With increasing numbers of employees working in overseas offices, or even working abroad remotely for employers based in Great Britain, the issue of whether overseas employees can access UK employment rights is becoming more and more significant. To bring an unfair dismissal claim against their employer, an employee will need to demonstrate a “sufficiently strong” connection to Great Britain to make it appropriate for a UK employment tribunal to hear their claim.

A number of recent cases have shed further light on this test. The courts will decide if this connection exists  by carefully considering all of the  features surrounding the individual’s employment, particularly whether the employee’s work serves  the overseas or domestic part of the business. It has recently been confirmed that overseas  employees seeking to bring whistleblowing claims must similarly establish that they have a  “sufficiently strong” connection to Great Britain.

Recent important decisions

Three cases have recently confirmed and expanded on the “sufficiently strong” connection test. It  is now clear that there is no single factor which will dictate whether an overseas-based employee  has the requisite connection to Great Britain. In Creditsights Ltd. v Dhunna (2014), a British  national working in Dubai for a British subsidiary of a US company was dismissed for alleged gross  misconduct. He attempted to bring an unfair dismissal claim in Great Britain. The Court of Appeal confirmed  that establishing whether he had a sufficiently strong connection to Great Britain involved a  careful consideration of all the facts surrounding his employment. The technical set up of the  overseas business, the location of the employee’s clients and the way the employee was being paid  were identified as pertinent to the extent of the employee’s “connection”.

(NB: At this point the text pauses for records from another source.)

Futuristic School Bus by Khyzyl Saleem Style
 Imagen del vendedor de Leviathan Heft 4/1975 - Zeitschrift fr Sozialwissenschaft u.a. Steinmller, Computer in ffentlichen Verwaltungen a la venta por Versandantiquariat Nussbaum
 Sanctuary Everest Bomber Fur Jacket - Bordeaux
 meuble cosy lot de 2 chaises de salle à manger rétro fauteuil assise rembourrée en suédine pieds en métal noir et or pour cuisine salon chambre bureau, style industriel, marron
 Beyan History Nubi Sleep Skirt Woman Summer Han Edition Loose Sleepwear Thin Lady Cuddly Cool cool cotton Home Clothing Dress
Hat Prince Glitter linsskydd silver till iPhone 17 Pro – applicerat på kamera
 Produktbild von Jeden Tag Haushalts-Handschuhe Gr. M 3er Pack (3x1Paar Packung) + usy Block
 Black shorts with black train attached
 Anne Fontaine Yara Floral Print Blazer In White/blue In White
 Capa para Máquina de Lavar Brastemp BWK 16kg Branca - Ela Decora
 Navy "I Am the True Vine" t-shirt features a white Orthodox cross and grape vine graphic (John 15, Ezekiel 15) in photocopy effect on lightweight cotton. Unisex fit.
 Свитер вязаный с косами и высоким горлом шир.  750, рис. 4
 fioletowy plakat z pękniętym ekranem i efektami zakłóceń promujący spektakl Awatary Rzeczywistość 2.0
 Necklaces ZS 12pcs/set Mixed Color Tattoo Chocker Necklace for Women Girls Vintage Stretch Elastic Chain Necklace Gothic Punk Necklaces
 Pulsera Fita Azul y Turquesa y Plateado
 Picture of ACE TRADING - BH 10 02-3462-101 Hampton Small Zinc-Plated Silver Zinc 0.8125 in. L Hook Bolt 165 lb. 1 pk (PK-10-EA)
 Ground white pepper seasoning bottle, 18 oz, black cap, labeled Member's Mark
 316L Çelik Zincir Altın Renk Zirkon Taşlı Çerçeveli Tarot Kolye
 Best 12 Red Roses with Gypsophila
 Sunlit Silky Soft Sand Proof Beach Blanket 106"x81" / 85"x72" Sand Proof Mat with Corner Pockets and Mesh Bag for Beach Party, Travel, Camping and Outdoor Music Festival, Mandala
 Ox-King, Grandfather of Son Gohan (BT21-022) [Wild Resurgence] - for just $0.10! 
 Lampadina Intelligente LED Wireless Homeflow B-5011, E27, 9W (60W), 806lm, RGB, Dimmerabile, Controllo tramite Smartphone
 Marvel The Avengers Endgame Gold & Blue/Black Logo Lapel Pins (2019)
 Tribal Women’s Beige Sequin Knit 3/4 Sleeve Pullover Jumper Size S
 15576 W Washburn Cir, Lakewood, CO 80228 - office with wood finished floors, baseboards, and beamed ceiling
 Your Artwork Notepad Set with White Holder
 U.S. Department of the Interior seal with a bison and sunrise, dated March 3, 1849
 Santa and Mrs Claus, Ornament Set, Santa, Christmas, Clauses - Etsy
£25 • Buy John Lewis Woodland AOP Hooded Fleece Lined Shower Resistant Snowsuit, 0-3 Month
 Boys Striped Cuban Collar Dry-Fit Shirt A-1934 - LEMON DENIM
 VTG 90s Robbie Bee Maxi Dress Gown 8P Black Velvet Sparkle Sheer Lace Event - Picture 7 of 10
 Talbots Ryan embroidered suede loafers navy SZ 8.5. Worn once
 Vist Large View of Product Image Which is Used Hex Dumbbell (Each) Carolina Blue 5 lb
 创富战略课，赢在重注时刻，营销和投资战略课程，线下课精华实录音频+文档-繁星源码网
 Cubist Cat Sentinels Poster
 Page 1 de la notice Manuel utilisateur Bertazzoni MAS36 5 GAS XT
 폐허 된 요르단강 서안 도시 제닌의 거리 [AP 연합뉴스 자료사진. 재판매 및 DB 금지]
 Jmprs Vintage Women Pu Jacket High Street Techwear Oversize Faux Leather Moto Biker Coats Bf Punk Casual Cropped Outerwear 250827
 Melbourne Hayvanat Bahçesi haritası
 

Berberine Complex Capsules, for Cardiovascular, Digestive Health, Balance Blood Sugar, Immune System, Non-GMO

This approach can have results which some employers may consider surprising: the courts have held that an employee living and working in Australia had  a close enough connection to Great Britain to bring a claim against  her employer. In Lodge v Dignity & Choice in Dying & Anor (2014), Mrs Lodge, an Australian citizen, worked as Head of Finance for a British charity under an  employment contract governed by English law. Initially based in their London offices, in December 2008 she returned to Australia for personal reasons but kept her  job, working remotely via a virtual private network. In June 2013 Mrs Lodge resigned and brought  constructive unfair dismissal and whistleblowing claims in England. The Employment Appeal Tribunal  (EAT) concluded, having considered all  of the features of her employment arrangement, that although she worked in Australia, all of her work was done for the benefit of her employer in  London. The EAT said it was immaterial that she was a “virtual employee”, not a “physical  employee”. Mrs Lodge was therefore allowed to bring her claim.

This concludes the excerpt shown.